When it comes to Ippolita’s virtual presence, while many brands have chosen to use social media platforms like TikTok to build awareness of their brand, Ippolita has not followed suit. âIt’s what women buy for themselves. It’s not casual jewelry, it’s not what husbands buy for a wife’s birthday, âRostagno said. “This state of mind, this feeling of self-control, is not something that appeals to a young audience, so TikTok is not the right place to tell this story.”
Instead, Rostagno sees places like Milan as the right setting for growing Ippolita. Montenapoleone, where Ippolita’s next store will open, is “the street of luxury in Milan, but also in Europe”, according to Rostagno. She added that she felt “very confident” about the store’s future success.
Below are additional conversation highlights, which have been edited slightly for clarity.
Separate storytelling from the sales experience
âSince the very first place people look for you is online, your story needs to be there in its fullest form, and we’re constantly working to improve it.
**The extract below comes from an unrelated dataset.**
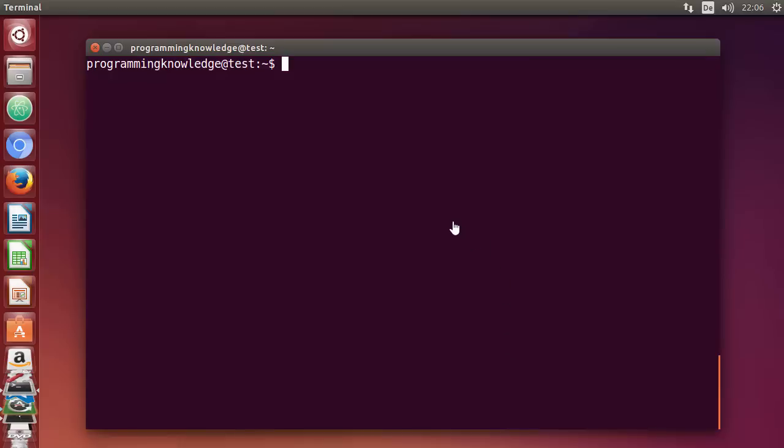Hello guys, in this video I'm going to show you how you can install and configure PostgreSQL on your Ubuntu operating system. PostgreSQL, or Postgres, is a relational database management system that provides an implementation of the SQL querying language. So let's see how we can install Postgres.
You lose the customer pretty quickly if you try to have a sales experience and a storytelling experience at the same time. But if you do these things separately, you increase customer loyalty because if the story is online, they have the ability to read it when they want and not when you want to serve it to them. So that’s a good thing. I made a lot of personal appearances. The personal appearance format is usually sort of a masterclass of how jewelry is made, how my aesthetic came about, and what the design rules apply to jewelry and all of that stuff. Most people don’t know much about jewelry – how it’s made, where it comes from. And our jewelry is very unique because we make absolutely everything from scratch.
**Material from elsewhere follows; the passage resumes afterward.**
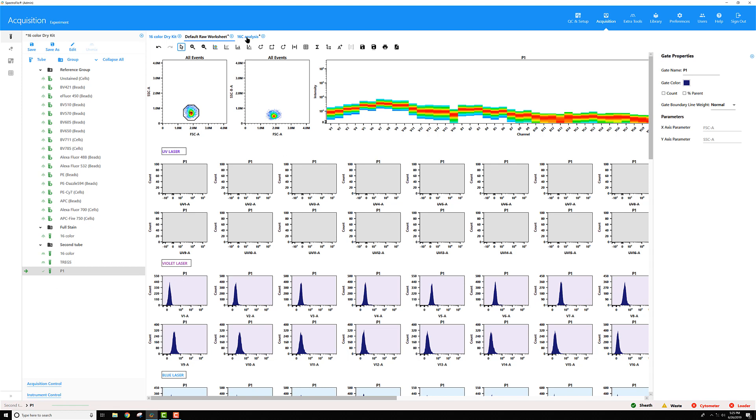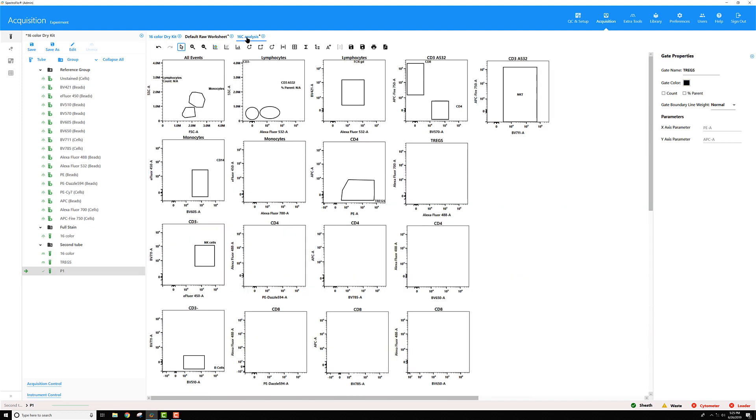If I go to an unmixed worksheet, while pointed to that tube, I'm not going to see any events.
People are at the heart of success
âEverything always revolves around people; people are at the heart of your success, period, end of story. It’s history. You have to have a good product, you have to have a good business proposition, and you have to have good people. Then you can have a successful business. But if you are missing any of these, it won’t work. I have traveled back and forth to Italy, of course, all my life; I grew up there, my family is there, and I work a lot in Italy on my jewelry. And I come from Florence, which is historically a city centered on craftsmanship and also a city that believes in the defense of art and art patronage, dating back to the Medici. It’s always been in my blood, plus I went to art school. I was completely imbued with all aspects of craftsmanship, culture, maker culture, our patronage and appreciation. In the last 30 years between my departure and now, I have noticed a dramatic change in the culture there. And all these cottage businesses were closing, the internet happened – the world changed almost overnight. I’ve decided [then that] I was going to do something very American: I [was] will try to create the cheapest possible, which specializes in all things [Americans] are not good for.
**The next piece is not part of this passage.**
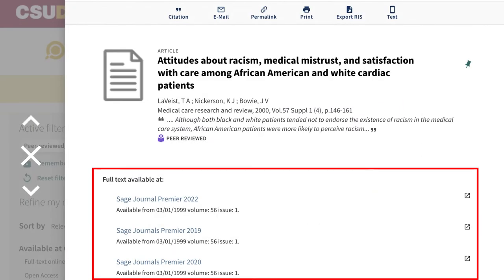If the item is available, you'll find one or more blue resource links. If there are multiple links, you can choose any link or your preferred database.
Bring the jewelry box to life
“[The new store] is at 900 Michigan Avenue which is a luxury mall. The space itself was a little white box. The idea we developed was to treat this little box like a jewelry box. We covered it with felt from floor to ceiling, so you step into a felt box. And then all the walls are magnetic, and the jewelry came out, so there is no case. The idea is that a customer can approach the jewel, try it on, look at it, smell it, appreciate it, understand it, be surprised by it, all before having a conversation with a seller. By the time they ask how much it is, they’ve already thought about what it means to them and how much they would wear it. It’s a very different journey. I’ve always felt a little sad that something that’s so intensely designed and handmade and relies so heavily on its tactical effect has always been penalized by being in the briefcase. So the idea was to take it out of the case and take it off, so that the customer didn’t even have that experience to deal with.